Six candidates are vying for an at-large council seat, pitting an established political operative currently serving as the appointed incumbent against a stable of other Democrats, a Republican, and a D.C. Statehood Green candidate. Even though election season hasn’t let up over the past year which saw a party primary contest, a special election for a council member to represent Ward 5, and a special election for D.C. Council chairman during a general election voters don’t appear to have tired of the process.

Through the early voting period, which lasted from April 8 to 20, D.C. Board of Elections spokeswoman Agnes Moss said 2,894 ballots were cast. Ms. Moss said it’s an 1,100 ballot increase over the number of early voting ballots cast in a 2011 special election for an at-large council member, but she wouldn’t speculate on whether the early voting numbers could be indicative of high or low voter turnout Tuesday.

“The city appears to be energized in this election,” Ms. Moss said. “I can’t say we’ve seen signs of a voter fatigue.”

During the 2011 special election, 46,967 of 455,842 registered voters cast ballots. This election is projected to cost a little more than $1 million, Ms. Moss said.

A number of council seats were up for grabs over the past year as part of the normal election cycle, but two of the past three races included seats freed up when council members pleaded guilty to criminal charges and resigned.

Tuesday’s special election is for the at-large seat formerly held by Phil Mendelson, a Democrat who won the job of council chairman in the November elections.

Recent polling indicates Democrat Anita Bonds holds an edge. Ms. Bonds, who has served as the D.C. Democratic Party chairwoman since 2006, is currently serving in the at-large seat up for grabs after being appointed by party members to the position in December.
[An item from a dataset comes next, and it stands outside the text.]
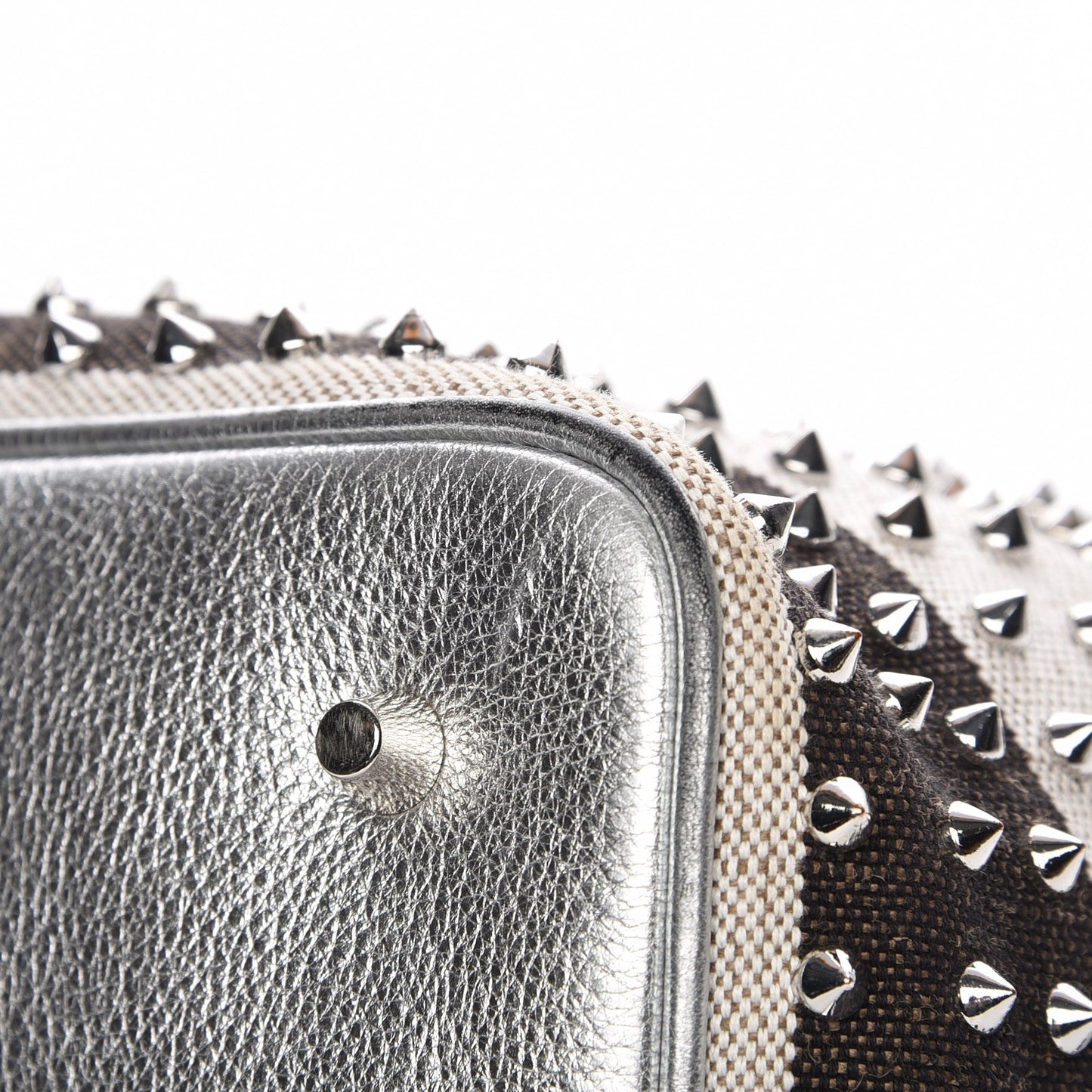 Canvas Mega Check Studded Medium Susanna Hobo Silver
A first-time office holder, she has a long history as a political operative working for former mayors Marion Barry, Anthony A. Williams and Sharon Pratt. She currently works for Fort Myer Construction, one of the city’s biggest contractors.

The results of a 1,621-person poll of registered voters, released last week by the Marijuana Policy Project and conducted by Raleigh, N.C.-based Public Policy Polling, indicated 19 percent of respondents would support Ms. Bonds.
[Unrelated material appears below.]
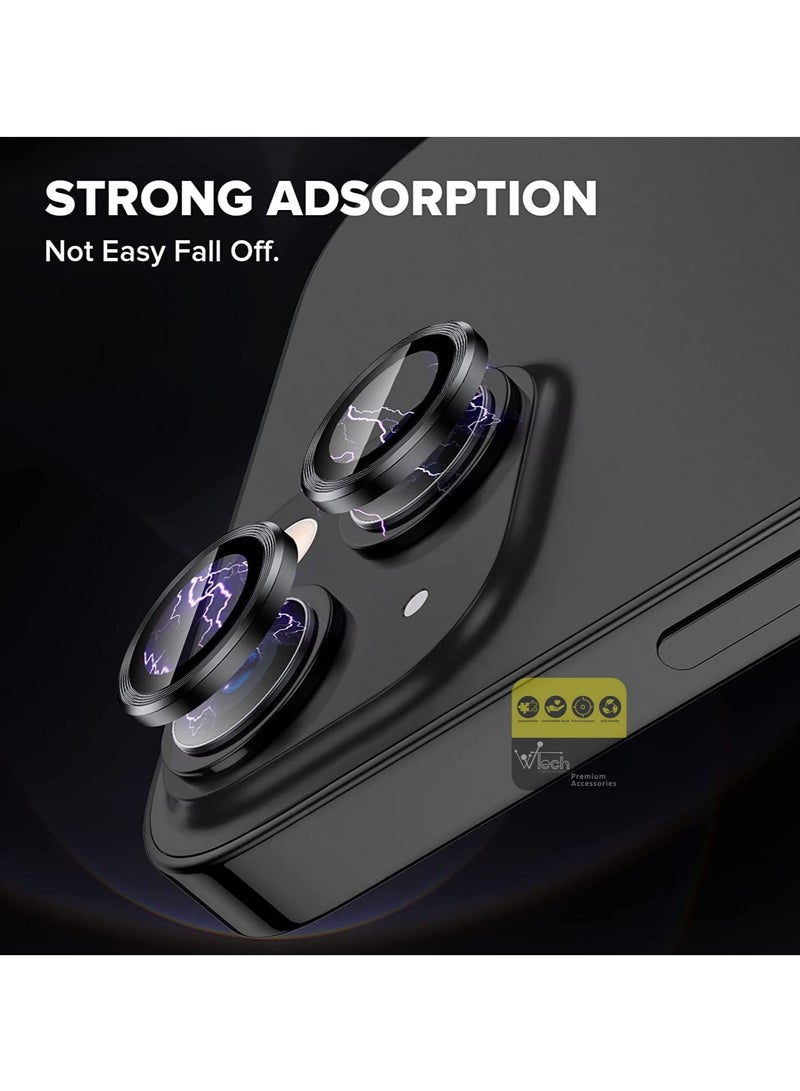 Wtech Premium Camera Lens Film Protector Shield For Apple iPhone 15 Plus 2023 Clear/Black  - Image 4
The election is regarded as perhaps the best shot in recent years for a Republican to gain a seat on the council, which reserves two at-large seats for members of a non-majority party. The lone Republican in the race, Patrick Mara, has run twice before for council and currently serves as the Ward 1 representative on the city’s school board.

A Republican has not served on the council since Mr. Mara defeated Carol Schwartz in the 2008 Republican primary and lost the general election.
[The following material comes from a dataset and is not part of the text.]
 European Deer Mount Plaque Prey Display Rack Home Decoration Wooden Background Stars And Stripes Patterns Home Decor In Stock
Mr. Mara has received a number of high-profile endorsements, but the PPP poll showed him tied with Democratic candidate Elissa Silverman with 13 percent of the vote. Ms. Silverman is a former journalist who went on to work with the D.C. Fiscal Policy Institute.

Others in the race include Democrats Matthew Frumin and Paul Zukerberg and Statehood Green candidate Perry Redd, a longtime activist and music producer who has put his talents to work crafting a number of campaign songs.

Mr. Frumin is an international trade lawyer and has served as a Ward 3 Advisory Neighborhood Commission representative since 2008. Mr. Zukerberg, a defense lawyer, has for the most part campaigned around the single issue of marijuana decriminalization.

Also on the ballot is a referendum that would grant the District budget autonomy. If passed, the referendum would force Congress to actively disapprove the local electorate’s wish to detach the city’s budget from the spending process on Capitol Hill and would also let city officials set their own fiscal year instead of using the cumbersome federal version, from Oct. 1 to Sept. 30.